Dataset content START
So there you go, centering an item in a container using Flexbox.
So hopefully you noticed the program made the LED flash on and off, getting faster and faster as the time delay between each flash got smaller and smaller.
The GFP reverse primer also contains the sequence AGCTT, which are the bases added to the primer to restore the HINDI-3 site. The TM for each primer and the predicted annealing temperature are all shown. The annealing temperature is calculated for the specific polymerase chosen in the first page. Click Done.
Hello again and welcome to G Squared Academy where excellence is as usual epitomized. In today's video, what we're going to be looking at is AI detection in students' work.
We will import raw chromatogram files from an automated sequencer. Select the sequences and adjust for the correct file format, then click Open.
Dataset content END
Dataset content START
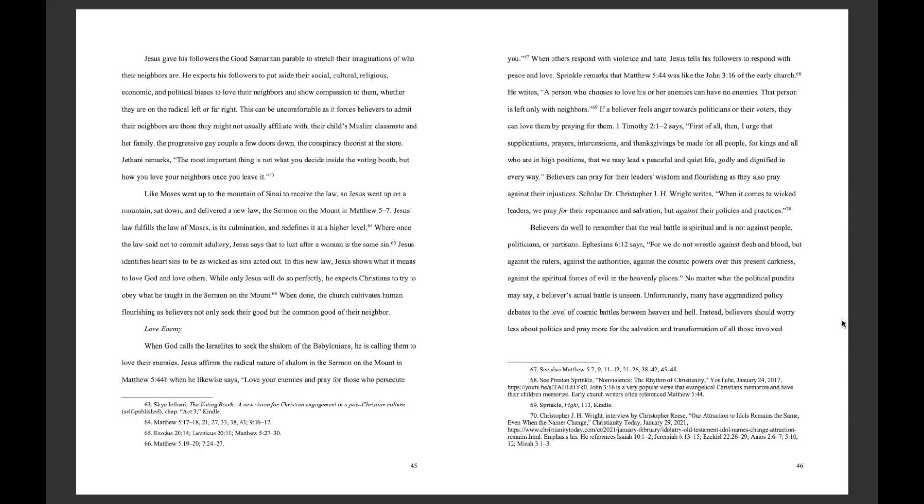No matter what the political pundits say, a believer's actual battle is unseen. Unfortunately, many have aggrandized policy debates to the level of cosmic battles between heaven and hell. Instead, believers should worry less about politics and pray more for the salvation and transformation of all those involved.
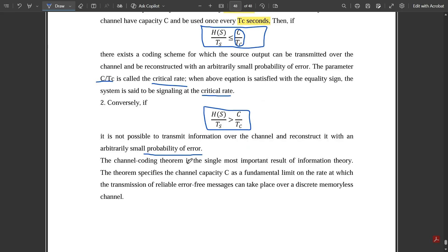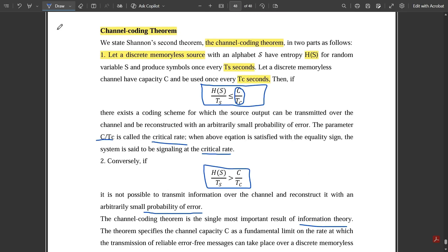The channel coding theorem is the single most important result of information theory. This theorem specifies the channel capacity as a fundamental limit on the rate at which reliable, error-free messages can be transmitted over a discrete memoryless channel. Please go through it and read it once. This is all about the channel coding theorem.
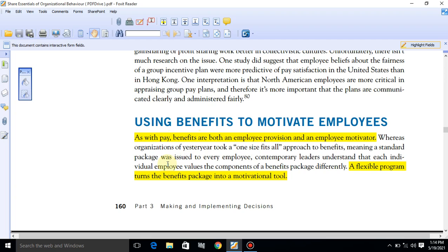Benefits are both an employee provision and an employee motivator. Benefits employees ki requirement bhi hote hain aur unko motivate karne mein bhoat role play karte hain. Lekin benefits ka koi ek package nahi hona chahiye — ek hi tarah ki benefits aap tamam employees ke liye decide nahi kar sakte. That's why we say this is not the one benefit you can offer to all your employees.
Dataset content END
What you are asked to do ->
From the material above, set down exactly the lines between the line holding "The GFP reverse" and the line holding "We will import", inclusive. Include nothing else.

Exercise output ->
The GFP reverse primer also contains the sequence AGCTT, which are the bases added to the primer to restore the HINDI-3 site. The TM for each primer and the predicted annealing temperature are all shown. The annealing temperature is calculated for the specific polymerase chosen in the first page. Click Done.
Hello again and welcome to G Squared Academy where excellence is as usual epitomized. In today's video, what we're going to be looking at is AI detection in students' work.
We will import raw chromatogram files from an automated sequencer. Select the sequences and adjust for the correct file format, then click Open.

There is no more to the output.